You have to be careful when you predict what a politician will do, so the wariness of Oregon's prognosticators in figuring that former Governor John Kitzhaber wouldn't enter the race for his old job this year is understandable. But probably few of Oregon's prognosticators were actually surprised that he didn't.
Kitzhaber's passion, after all, is his health care plan, and running for governor would be a lousy way to promote it. He would be drawn, most of the time, onto other issues; he would lose focus. He could not very directly champion the health care ballot measure he wants to push. On top of that, odds were at least even (probably higher) he'd lose the primary and risk splitting his party in two, in a state where the parties are closely matched. And if he wanted to start a full-fledged gubernatorial campaign, mid-January is awfully late to get in the game, even if you are a former governor.

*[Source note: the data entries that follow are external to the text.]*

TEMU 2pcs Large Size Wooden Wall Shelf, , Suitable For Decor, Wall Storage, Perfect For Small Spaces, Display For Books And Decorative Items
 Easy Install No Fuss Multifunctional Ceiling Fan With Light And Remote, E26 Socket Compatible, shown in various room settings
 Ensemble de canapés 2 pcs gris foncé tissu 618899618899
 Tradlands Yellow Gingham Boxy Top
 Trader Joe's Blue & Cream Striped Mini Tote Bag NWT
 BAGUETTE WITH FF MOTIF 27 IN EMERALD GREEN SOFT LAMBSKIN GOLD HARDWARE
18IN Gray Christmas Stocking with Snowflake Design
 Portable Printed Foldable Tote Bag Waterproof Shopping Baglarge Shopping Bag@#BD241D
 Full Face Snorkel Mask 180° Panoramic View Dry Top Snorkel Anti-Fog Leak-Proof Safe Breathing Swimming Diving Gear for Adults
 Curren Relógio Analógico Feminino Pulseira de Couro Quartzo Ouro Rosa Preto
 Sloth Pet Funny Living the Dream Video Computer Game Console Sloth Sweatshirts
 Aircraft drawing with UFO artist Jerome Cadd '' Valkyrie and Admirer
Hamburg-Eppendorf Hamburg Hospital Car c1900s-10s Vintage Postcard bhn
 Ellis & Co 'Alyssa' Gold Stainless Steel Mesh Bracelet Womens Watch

He certainly accomplished his mission so far, though: Health care options have moved from back burner at least halfway to front burner. He is getting people talking, and that's a start.
Beyond Kitzhaber, what other impacts are likely from today's announcement?
The winner was incumbent Democratic Governor Ted Kulongoski, who now has a straight shot to the nomination. He has competition, of course, both existing in the former of Lane County Commissioner Pete Sorenson, and prospective in the form of state Senator Vicki Walker of Eugene. But Sorensen appears to have gained little traction, and Walker, who has some profile in the Willamette Valley at least, has been waiting on word from Kitzhaber before making an announcement - giving her a very late start. (She may yet reconsider.) Unless the discontent within the Democratic Party with Kulongoski runs a lot deeper than the activists who have been frustrated with him, the governor should ace his primary.
That would give him improved momentum for November. He's no sure shot; Oregon is too closely divided for that.
But all in all, Friday was a good day for the governor. And maybe for the prospects of a serious heatlh care debate in Oregon.